0

I am trying to extract a bz2 file as mentioned below, this is a test class that I wrote and I know that it is .txt file when uncompressed, but when I actually read it from the server, the uncompressed bz2 file can be anything like html, tar,tgz or text files, how would I be able to make this code generic such that it will work for any kind of file.

I want to uncompress different files, if it is test.txt.bz2, then uncompress to test.txt and 6223.webvis.html_20130803195241.bz2 to 6223.webvis.html_20130803195241. How can I make my code generic such that it will work for these two different scenarios.

try{
FileInputStream fin = new FileInputStream("C:\\temp\\test.txt.bz2");
BufferedInputStream in = new BufferedInputStream(fin);
FileOutputStream out = new FileOutputStream("C:\\temp\\test.txt");
BZip2CompressorInputStream bzIn = new BZip2CompressorInputStream(in);
int buffersize = 1024;
final byte[] buffer = new byte[buffersize];
int n = 0;
while (-1 != (n = bzIn.read(buffer))) {
out.write(buffer, 0, n);
}
out.close();
bzIn.close();
}
catch (Exception e) {
throw new Error(e.getMessage());
}
}

Thanks, Akshitha.

Akshitha
  • 89
  • 1
  • 2
  • 7

2 Answers2

1

The normal pattern is a file with name x gets saved as x.bz2, so the output file name is the input file name with the last four characters removed.
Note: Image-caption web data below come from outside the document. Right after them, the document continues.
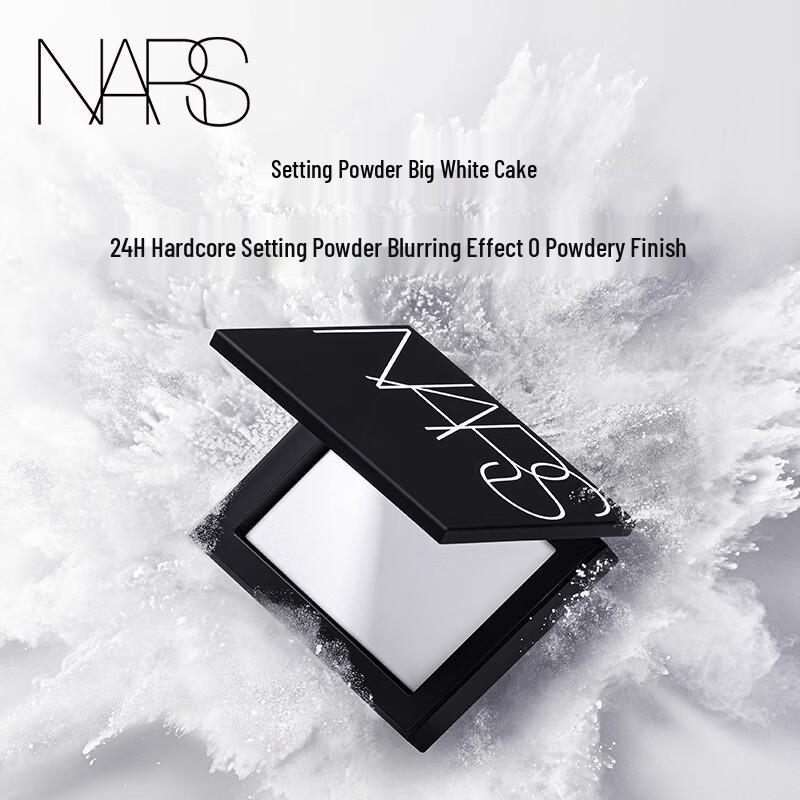 NARS Light Reflecting Pressed Setting Powder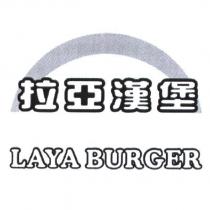 拉亞漢堡 LAYA BURGER 及圖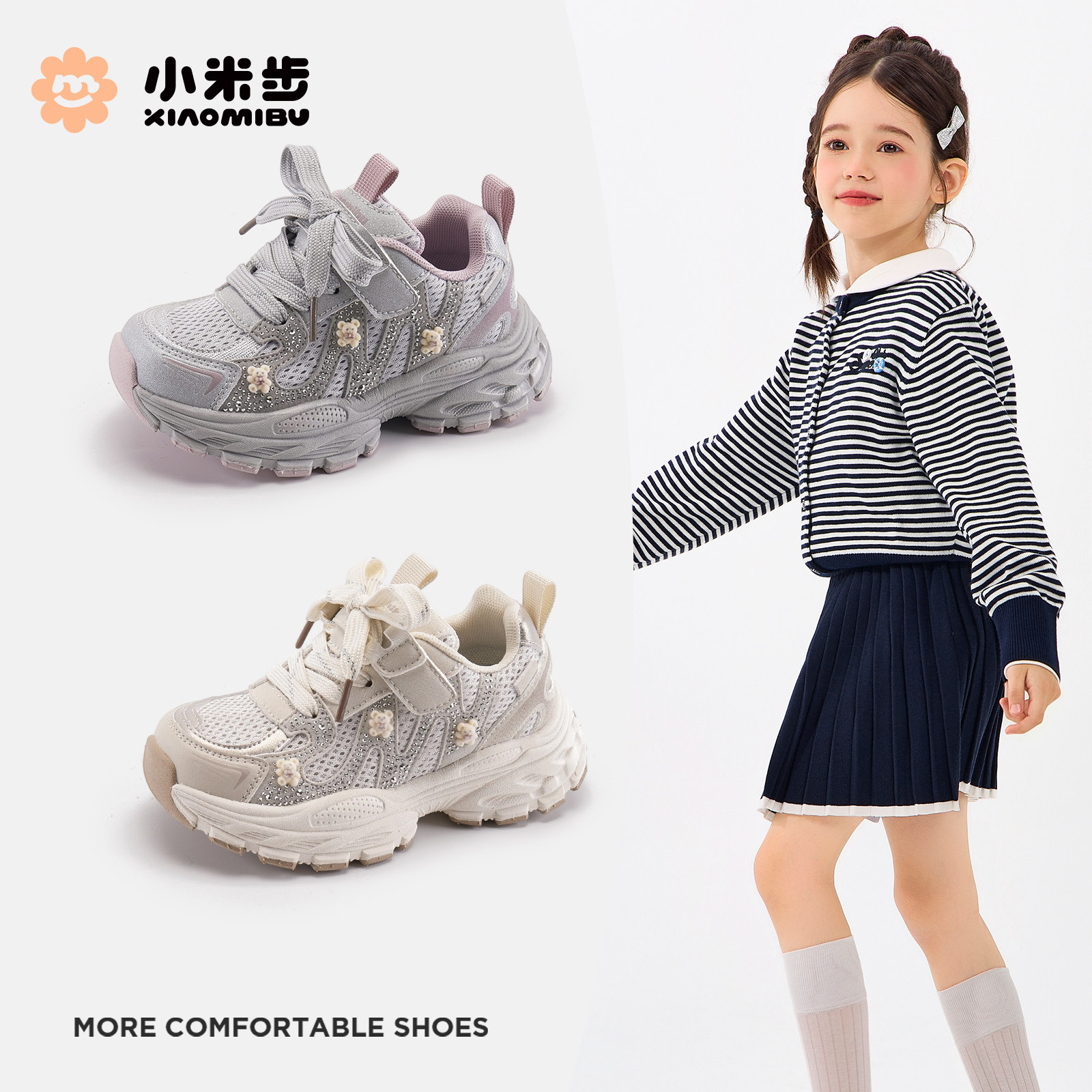 小米步女童老爹鞋2026春季新款软底鞋子儿童百搭轻便休闲运动鞋子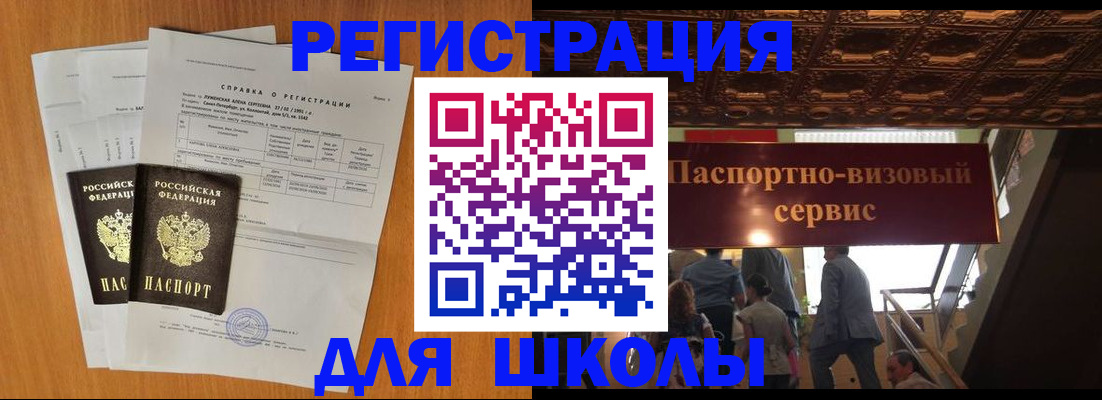 временная регистрация адрес в Сельцо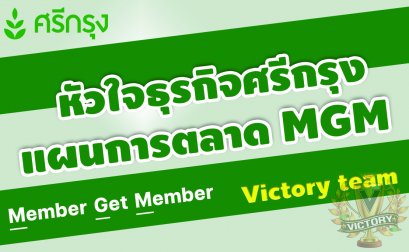 หัวใจธุรกิจศรีกรุง คือแผนการตลาด MGM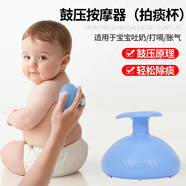 吉麗醫療吉麗鼓壓按摩器吸痰氣壓扣背式按摩器老人拍背拍痰器嬰兒吐奶排痰 嬰兒兒童款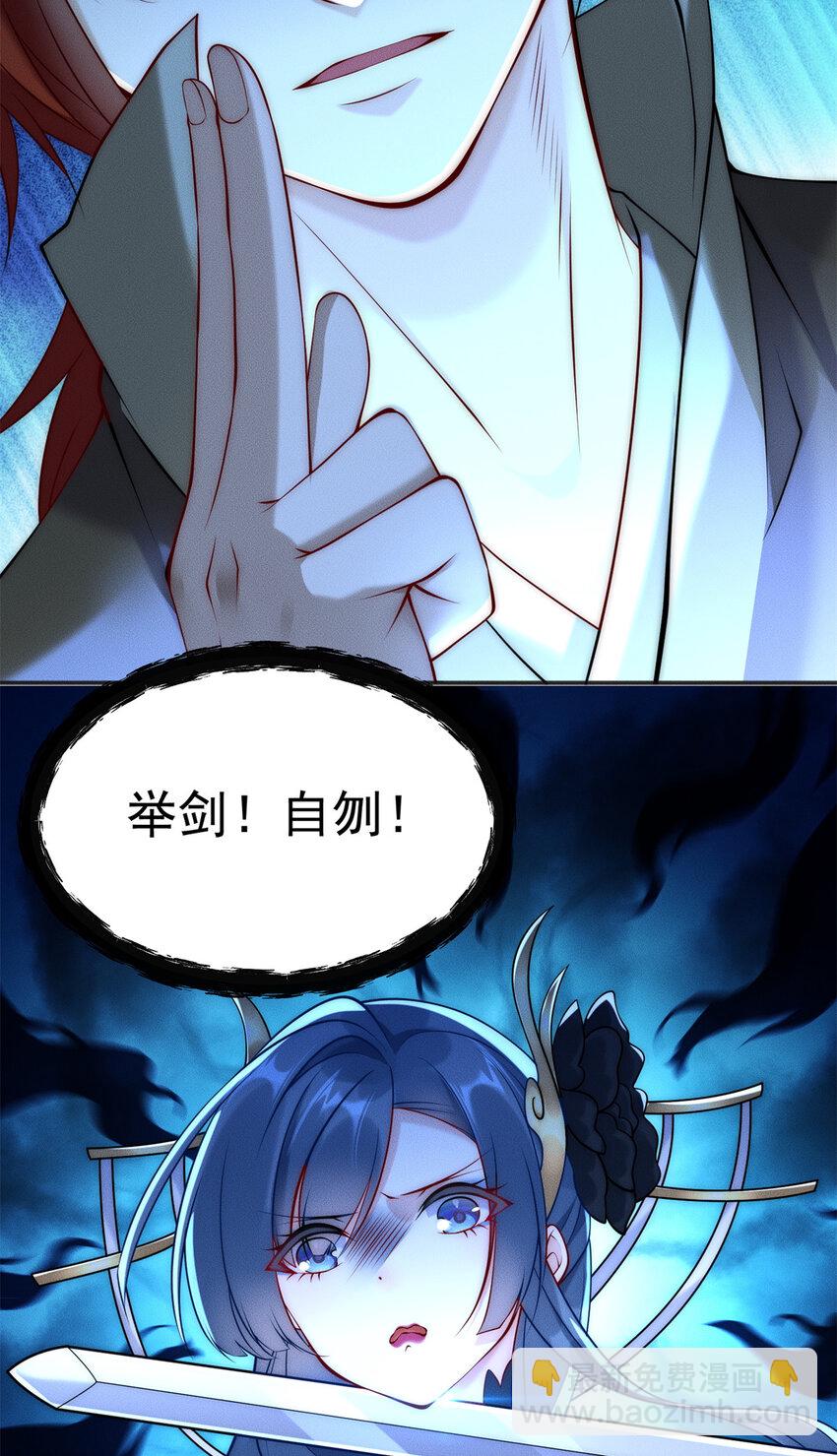 51 言出法随(1/2)-第51话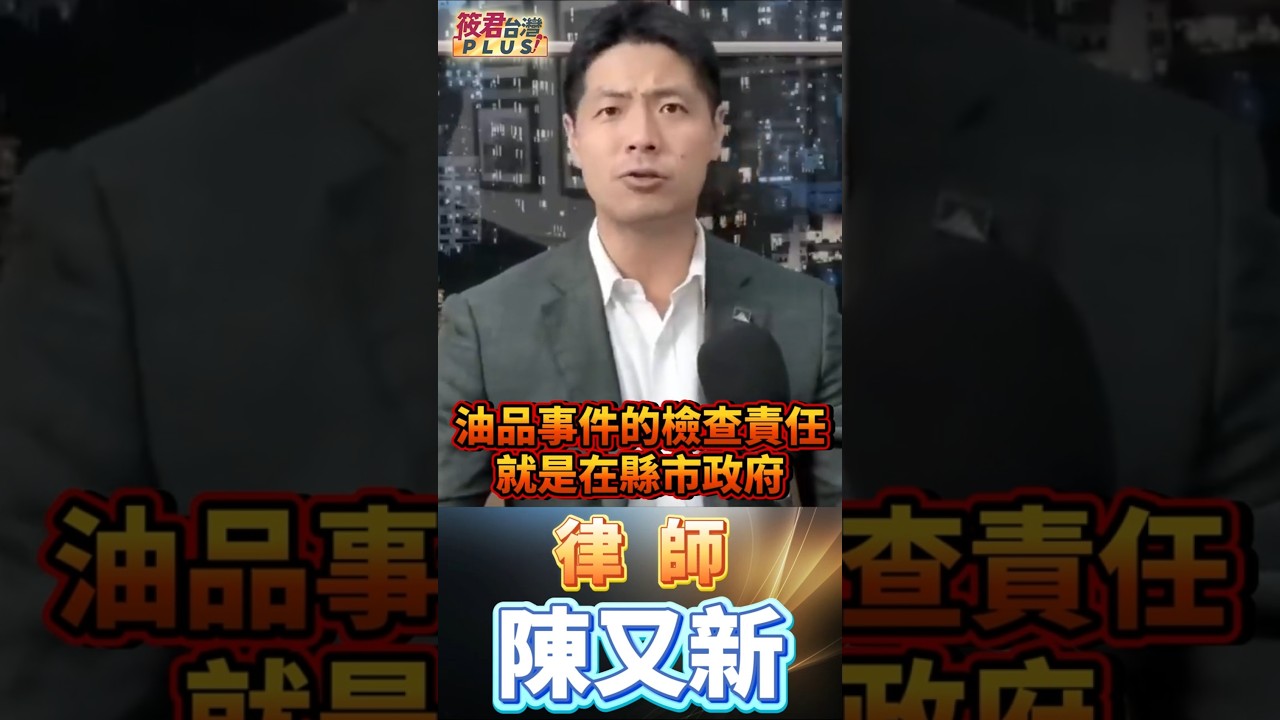 毒油究責綠營防禦弱 慘遭在野陣營狂操作毒油案 藍營首長立委推給中央帶風向 民眾誤解食安究責真對象 避談市政缺失塑形象 蔣萬安主導大型遊行造人氣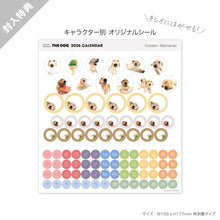 画像をギャラリービューアに読み込む, THE DOG 2026年カレンダー 卓上サイズ(ゴールデン・レトリーバー)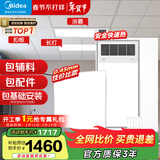 美的（Midea）铝扣板集成吊顶300*300卫生间厨房龙骨吊顶扣板材料全套免费送装 【大套装】8㎡+GP11浴霸+长灯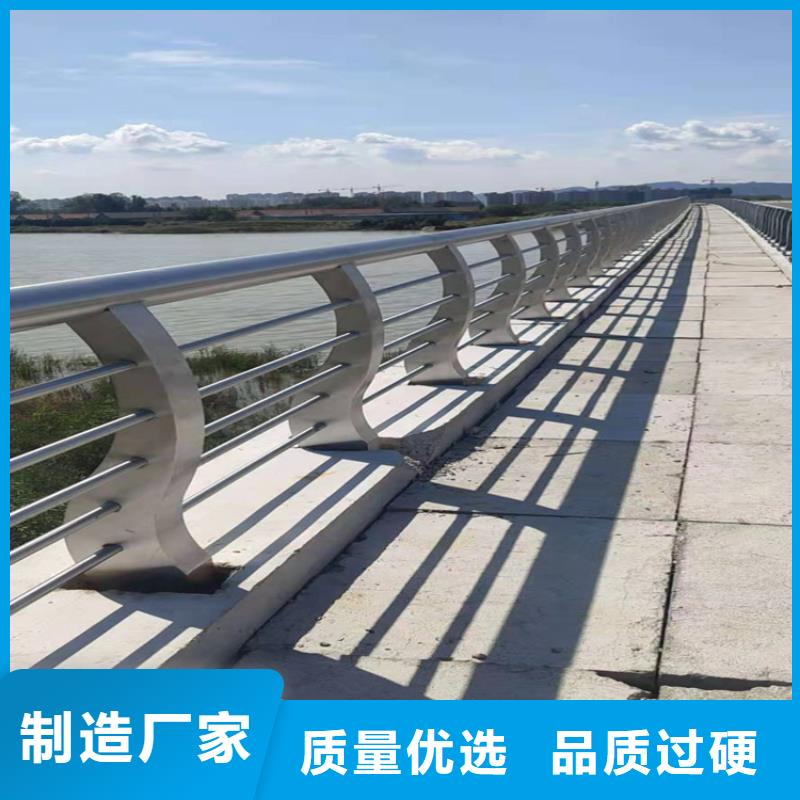 【护栏-不锈钢护栏当日价格】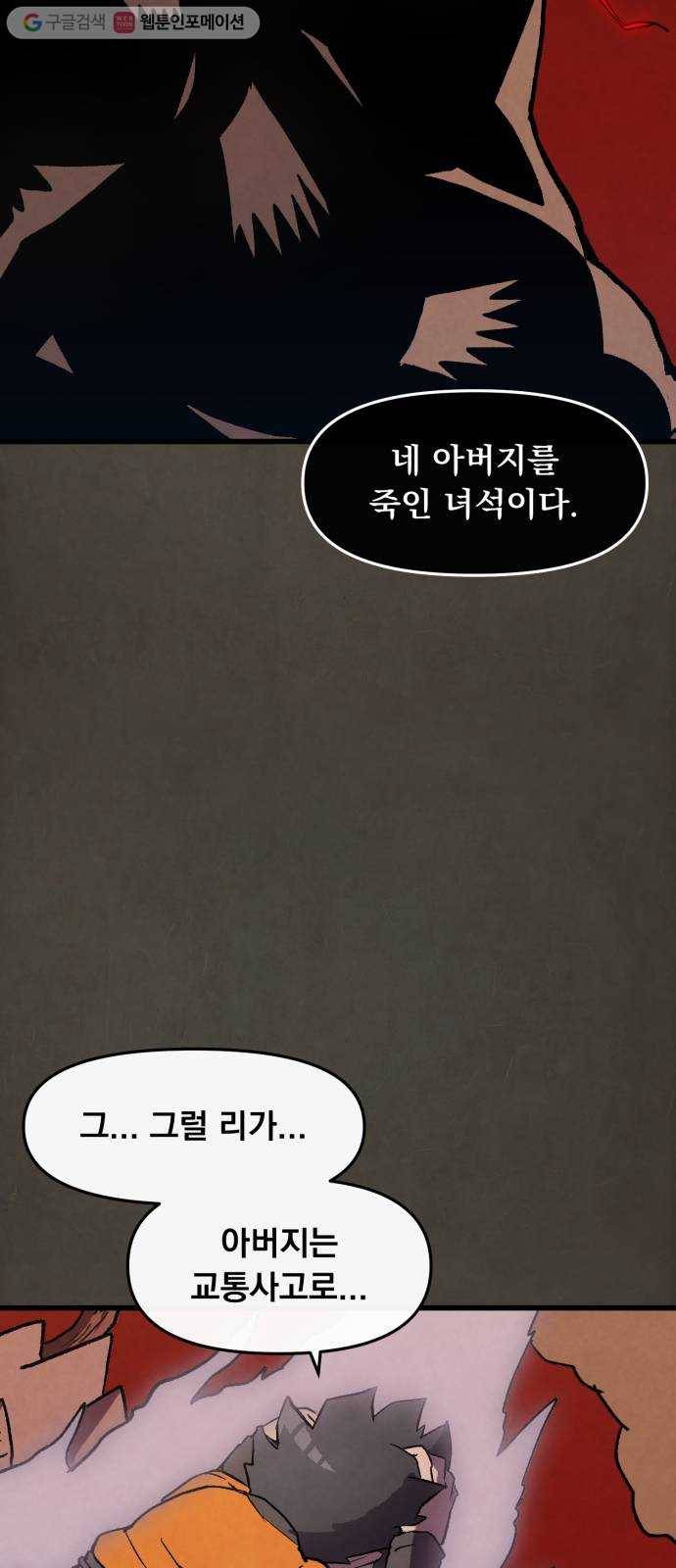도를 아십니까 32화 ： 과거 6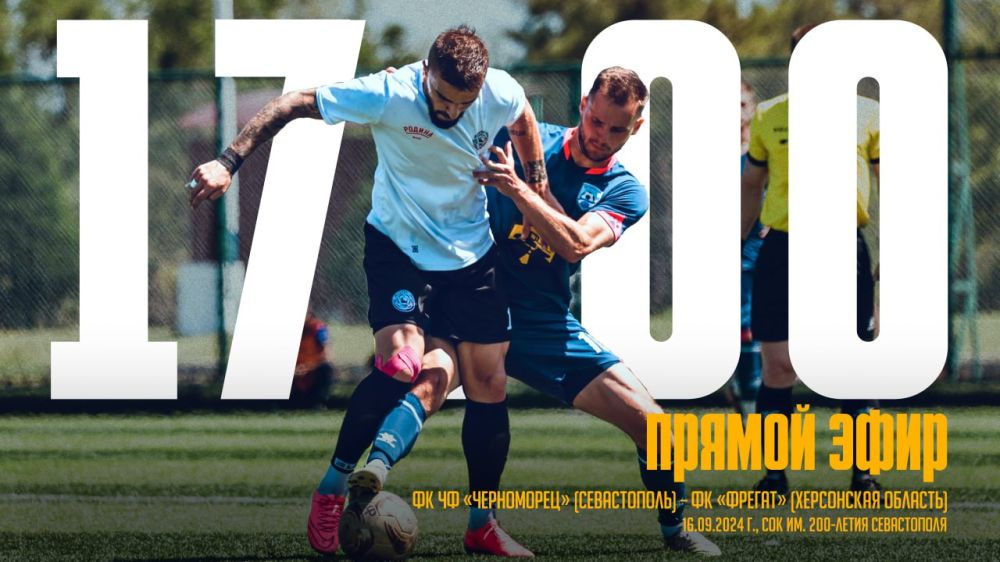 ���������� ������� ���������� ������� � ����������� ���������� �� ���� �������� "��� ����� 200-����� �����������"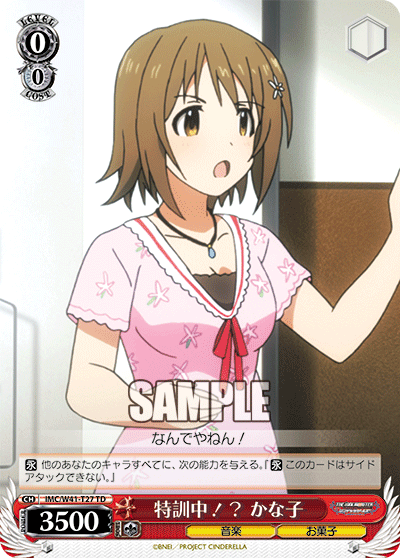 IMC/W41-T27 TD 特訓中!? かな子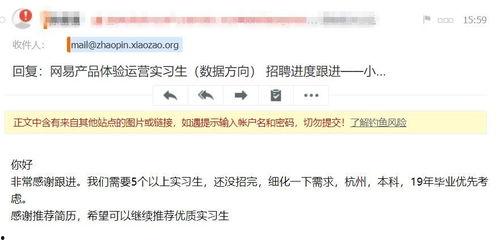 头条实习生转正难吗,挑战与机遇并存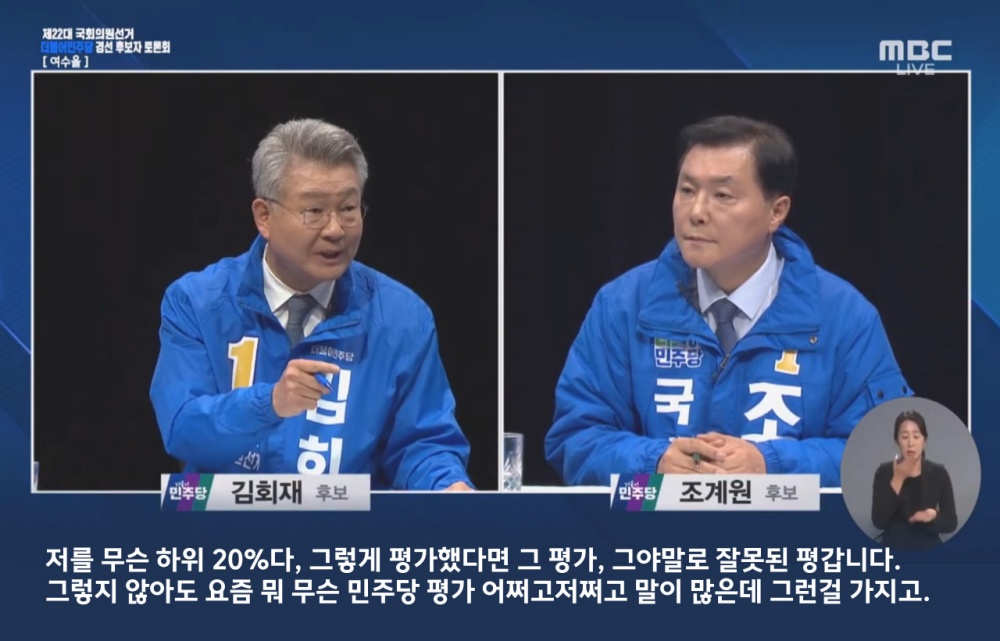 ▲여수MBC 제22대 국회의원선거 더불어민주당 여수을 경선 후보자 토론회  ⓒ조계원 예비후보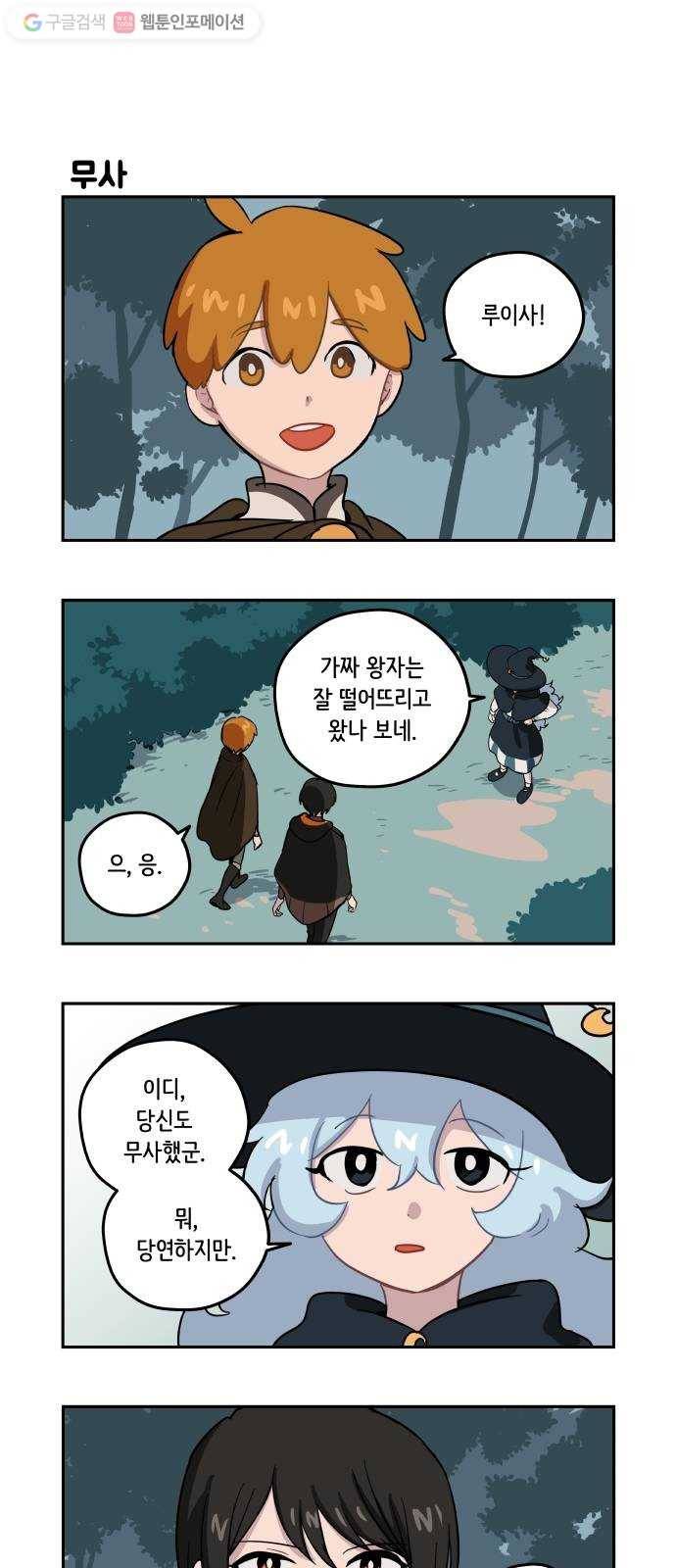 롤랑롤랑 88화 4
The only known exception is x.tar -> x.tbz (but some people use x.tar.bz2).

This means your example doesn't follow the normal pattern; otherwise it would be test.txt.bz2.

Joshua
  • 40,822
  • 8
  • 72
  • 132
  • I mentioned it incorrect, I have files as below test.txt which is a bz2 archive i.e test.txt.bz2 and 123.test.html_2013.bz2 , which are different files. What should I mention as an argument to be passed in the output stream? – Akshitha Aug 18 '14 at 16:10
  • Since I do not believe that the uncompressed filename is 123.test.html_2013, I think you are doing it wrong and therefore have the impossible question to ask. – Joshua Aug 18 '14 at 16:16
  • This is my actual file name 6223.webvis.html_20130803195241.bz2 that I was given – Akshitha Aug 18 '14 at 16:36
  • Talk to the guy who is giving you these file names. – Joshua Aug 18 '14 at 16:42
  • I did and he mentioned that there are webvis.html files – Akshitha Aug 18 '14 at 16:55
  • Ok you have a local naming convention webvis.html -> garbage.webvis.html_datetime.bz2 and you asked on stackoverflow what the original name is. I would suggest you reconsider the very thing you are trying to do. You certainly can't unpack them all as webvis.html. – Joshua Aug 18 '14 at 17:09
  • Sorry I didn't quite follow, are you meaning we cannot uncompress usch files? – Akshitha Aug 18 '14 at 17:33
  • You cannot uncompress two files to the same file name for the obvious reason. – Joshua Aug 18 '14 at 17:36
  • I want to uncompress different files, if it is test.txt.bz2, then uncompress to test.txt and 6223.webvis.html_20130803195241.bz2 to 6223.webvis.html_20130803195241. How can I make my code generic such that it will work for these two different scenarios. – Akshitha Aug 18 '14 at 17:52
  • By removing the last four characters. – Joshua Aug 18 '14 at 17:53
1

A BZ2 archive does not know anything about the original name. The usual way to do it is to compress file.ext as file.ext.bz2, so you get the output file name from the archive name.

String inFile = "test.bz2";
String outFile = inFile.substring(0, inFile.length() - 4);
// outFile == "test"
Gabriel Negut
  • 13,860
  • 4
  • 38
  • 45